Berlino, 10 gennaio 2017, anniversario della morte di David Bowie. Un morto impiccato, Karl, un’indagine per omicidio chiusa in fretta con l’arresto dell’amante del defunto. Lui la picchiava, lei si è vendicata. Il social media manager Andrea Straniero e il suo amico avvocato Sandro conoscono la ragazza e sanno che è innocente. Per scagionarla, arrivano fino a Kyoto sulle tracce della ex moglie di Karl fuggita da Berlino. Dice di sapere chi è il colpevole: è attendibile una donna che lascia indizi su Instagram postando biglietti dei biscotti della fortuna cinesi? Intanto, alla periferia est di Berlino, si afferma il misterioso Nazikommunist Partei guidato da Olaf, sanguinario postino della ex DDR, e dal prof. Kravets, filonazista ed esperto in DNA delle piante. A Roma invece, scoppia una strana epidemia: le persone, colte da scatti d’ira, uccidono senza pietà. È tutto collegato? Un’indagine ricca di suspence, humor nero, birra e musica: una corposa playlist accompagna l’intero romanzo.

Perché ho scritto questo libro?

Per il mio legame con il protagonista, Andrea Straniero: mi chiedeva di raccontare le sue avventure, non ho fatto altro che entrare nella sua mente contorta. Non è stato semplice accompagnarlo in questo viaggio: la musica che ascolterete leggendo il romanzo mi ha guidato fino alla fine di questa storia sempre in bilico tra l’inquieto e l’ironico.

ANTEPRIMA NON EDITATA

A-side
KYOTO SONG

A nightmare of you
Of death in the pool
Wakes me up at quarter to three
I’m lying on the floor of the night before
With a stranger lying next to me

Kyoto Song, Robert James Smith, The Cure, 1985

  1. Karl Biedecker

*suggestione sonora

The Cure – Kyoto Song

Mi chiamo Karl Biedecker.
Sono appeso per il collo nel bagno di un residence di Moabit, Berlino. Forse è la fine che merito, forse ho sbagliato tutto.
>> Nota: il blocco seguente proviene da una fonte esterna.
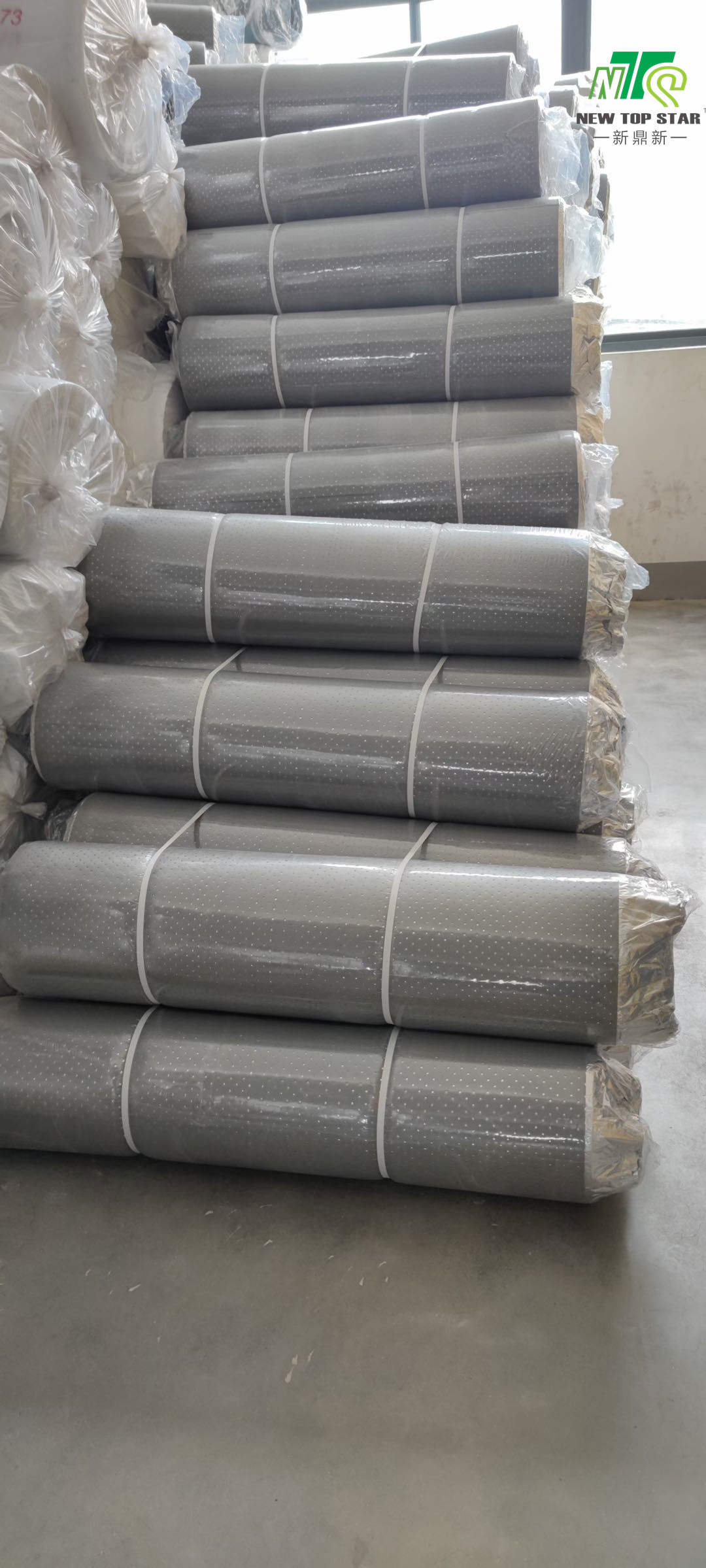 33kg/m3 2mm Underfloor Heating Underlay , Heated Laminate Floor Underlayment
Gli istanti che precedono la morte sono rapidi, dolorosissimi flashback della mia vita. Il trailer allucinato di un film senza lieto fine.

C’è mio padre che nel novembre 1989 – avevo sedici anni e vivevo a ovest – mi racconta in diretta la caduta del Muro. La storia che entra nelle vite di tutti noi, l’evento che ha indirettamente dato il via alla letale carambola che mi sta uccidendo.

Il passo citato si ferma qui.